Even when fans and pundits were predicting an American League Rookie of the Year Award for Jackie Bradley Jr. in 2013, few could have seen this coming. After Bradley extended his hitting streak to 24 games during the Red Sox's doubleheader against the Royals on Wednesday, his 2016 hitting line is now a Mike Troutian .338/.390/.607.
It's an outcome that seemed impossible less than a year ago. After all, Bradley hit a pitcher-esque .196/.268/.280 in 530 plate appearances between 2013-14. That kept him on the Triple-A shuttle for most of last season, before he broke out with a .354/.429/.734 August. After he slumped to hit .216 in the season's final month, we were left to wonder just which Bradley would appear this season.

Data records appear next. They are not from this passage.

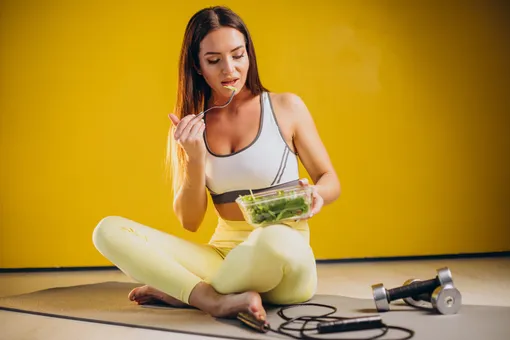 Девушка ест салат после занятий спортом, безуглеводная диета для похудения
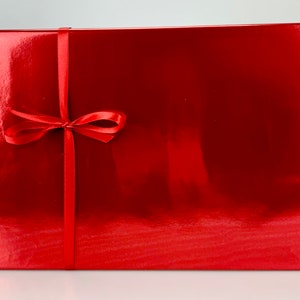 May include: A rectangular, glossy red gift box tied with a matching red satin ribbon and bow. The box has a reflective surface, suggesting a metallic or lacquered finish. The ribbon is centered vertically and tied in a neat bow.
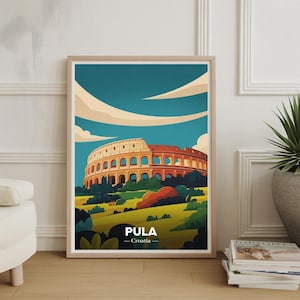 May include: A framed art print featuring a stylized illustration of the Pula Arena in Croatia. The artwork depicts the ancient Roman amphitheater in shades of beige, orange, and red against a blue sky with white clouds. The word "PULA" is printed below the image.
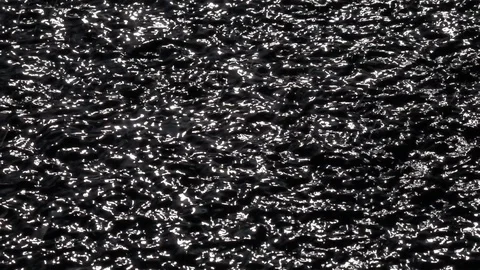 Slow motion of playing sun shine reflection on black water ripple. Stock Footage 99144104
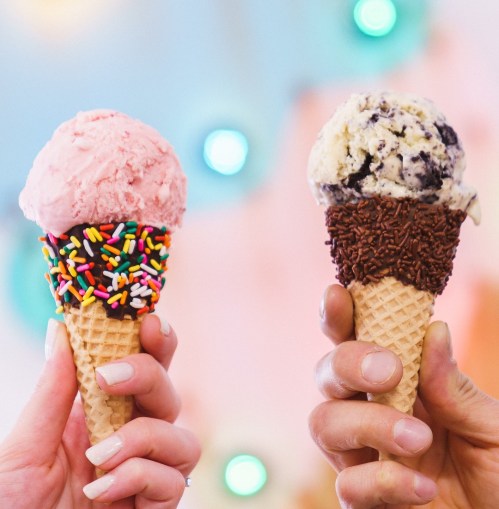 Two hands hold ice cream cones: one with pink ice cream and colorful sprinkles, the other with cookies and cream topped with chocolate sprinkles.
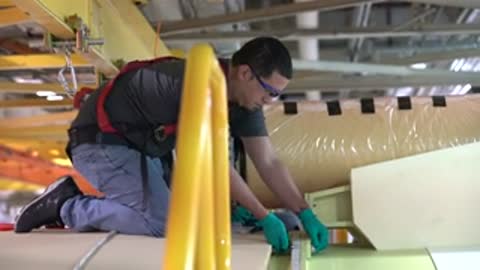Worker kneeling and working on a component structure with tools.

Six weeks into the season, it appears we have our answer. Here are five explanations for just how Bradley has done it:
1. Pulling the ball
Coaches and players often talk about the need to use the whole field, but if you want to hit the ball with authority, you're going to want to pull the ball. It's why, despite ever more shifts, you don't see many power hitters choking up and punching singles the other way.
After pulling the ball just 36.1 percent of the time in 2014, Bradley upped that to 45.5 percent last year and is at 45.1 percent this season. You can see the difference simply by comparing his 2014 and '16 Baseball Savant spray charts:
That shows up in Bradley's exit velocity, too. Not only is he hitting the ball slightly harder and farther than last year, but he's been above league average (89.2 mph) every week but one in 2016.

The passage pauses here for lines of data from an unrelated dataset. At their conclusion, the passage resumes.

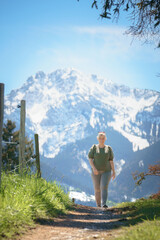 A female hiker walks along a narrow trail in spring, with the majestic Tegelberg of the Allgäu Alps rising snow-capped in the background—perfect for themes of outdoor adventure, hiking, and recreation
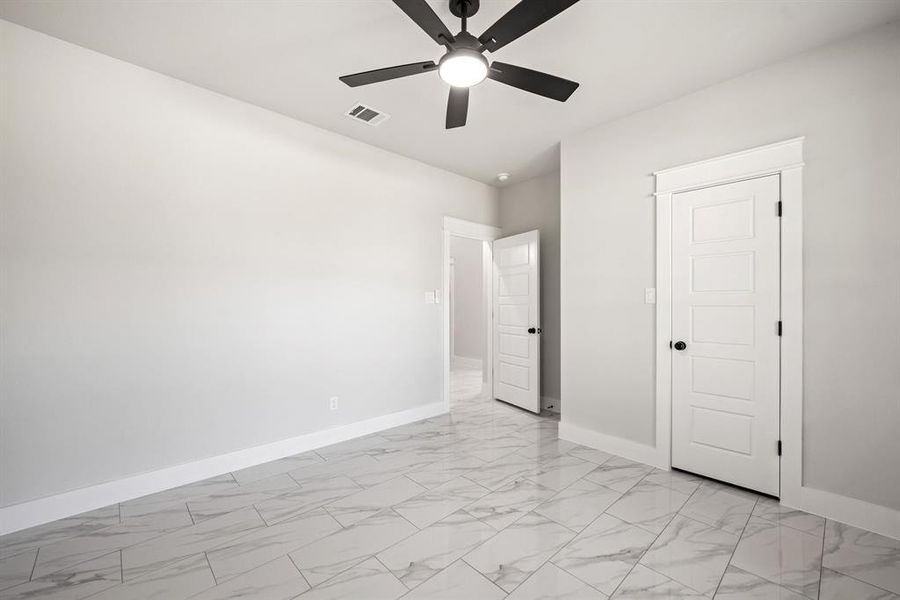 Unfurnished bedroom featuring light marble finish floors and a ceiling fan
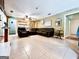 Spacious living room featuring tile floors and a comfortable leather sectional at 225 Second St, Bowdon, GA 30108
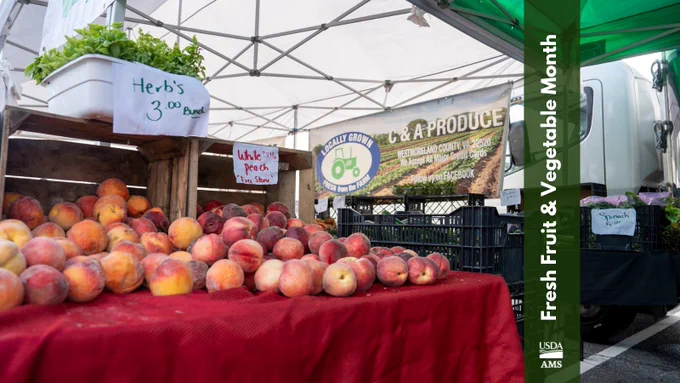 A farmer's market stall displays baskets of peaches with a handwritten sign reading "Herb's 3 for $2." A banner shows "P & A Produce" with a logo. In the background, a truck and other fruits and vegetables can be seen. A vertical green banner reads "Fresh Fruit & Vegetable Month" with USDA AMS logos.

2. Covering the outside corner
This one seems counterintuitive given our first point. Despite Bradley's pull-happy ways, pitchers no longer have an X-Wing-sized flaw in his strike zone that they can aim for.

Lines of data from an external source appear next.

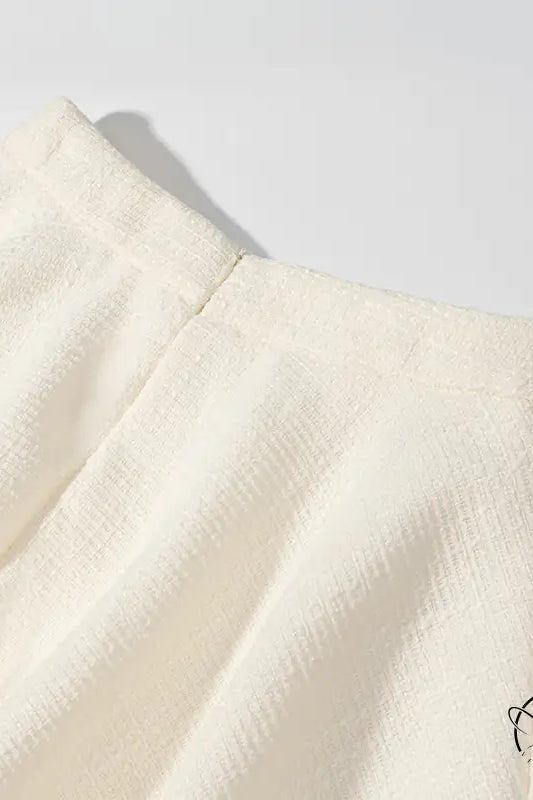 Enchanting short sleeve bud top with cream pleated skirt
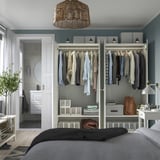 Neat bedroom with grey walls, white PAX wardrobes, and organized clothes. Light fixture, bathroom access.
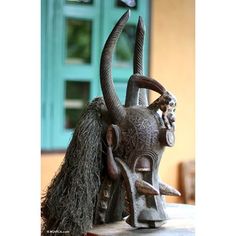 a statue of an animal with long horns and hair on it's head sitting on a table in front of a door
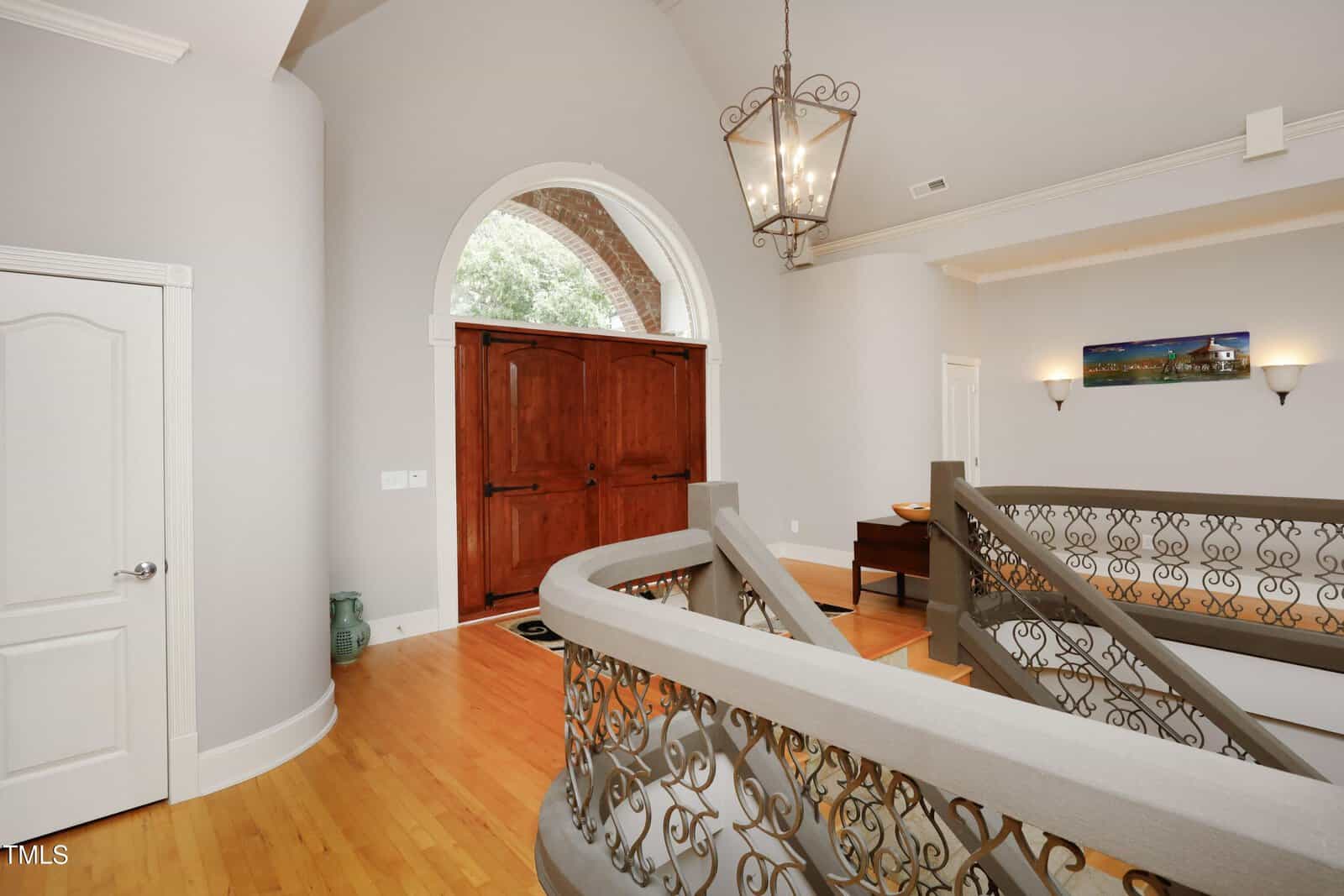 Grand foyer with a large wooden double door, ornate staircase railing, hardwood floors, high ceiling, chandelier, wall sconces, and a landscape photo hanging on a light gray wall.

After hitting just 12-for-73 on outside pitches that were either low or high in the zone through 2015, Bradley was 12-for-23 on those pitches this season.
Granted, that's a rate that will not continue no matter how good of a hitter Bradley's morphed into, but it's not all luck. On Tuesday night, he laced this double on a perfectly placed pitch on the outside corner.
3. Hitting sliders and cutters
Those two offerings gave Bradley fits in the past, as the outfielder hit just .167 against sliders and .220 off cutters through the end of 2015, combining for just 15 extra-base hits against the pitches. Nine of those extra-base hits came in August and September.
Through Tuesday: .400 against sliders, .429 against cutters and, yep, nine more extra-base hits.
4. New "old" mechanics
Like a mad scientist, Bradley has been a tinkerer throughout his big league career. He started with a slight bend in his knees and the bat held high, a simple toe tap on his load. That soon gave way to an exaggerated open stance with his arms held lower and the addition of a leg kick.
Now? The leg kick has remained, but the stance looks awfully similar to 2013, when Bradley first arrived in the Majors after posting a .275/.374/.469 line for Triple-A Pawtucket.
5. He's just streaky
Of course, the right answer may just be … Bradley is incredibly streaky. After all, not only did he follow up his torrid August with a frigid September last year, but there are a few red flags from his 2016 that look more like a player in the midst of a good stretch rather than someone who has reached a new baseline.
Bradley's .396 BABIP is unsustainable for any player, and a notable outlier for him considering his career .307 mark. And while his new aggressive approach at the plate has seen his strikeout rate drop, his walk rate has also been cut in half as he's chasing more pitches out of the zone than in any other season. That's not a great indicator for future success.
While this streakiness will surely frustrate Red Sox fans who dream of Bradley spending the next decade of his life hitting like he has through mid-May, he's also not the same hitter who struggled in 2013-14. By showing the ability to get this hot for weeks on end, Bradley not only has a better chance of repeating it than the next Minor League hopeful, but it's the kind of performance that, even if it comes to an end, could be the difference between playing October baseball and making early vacation plans.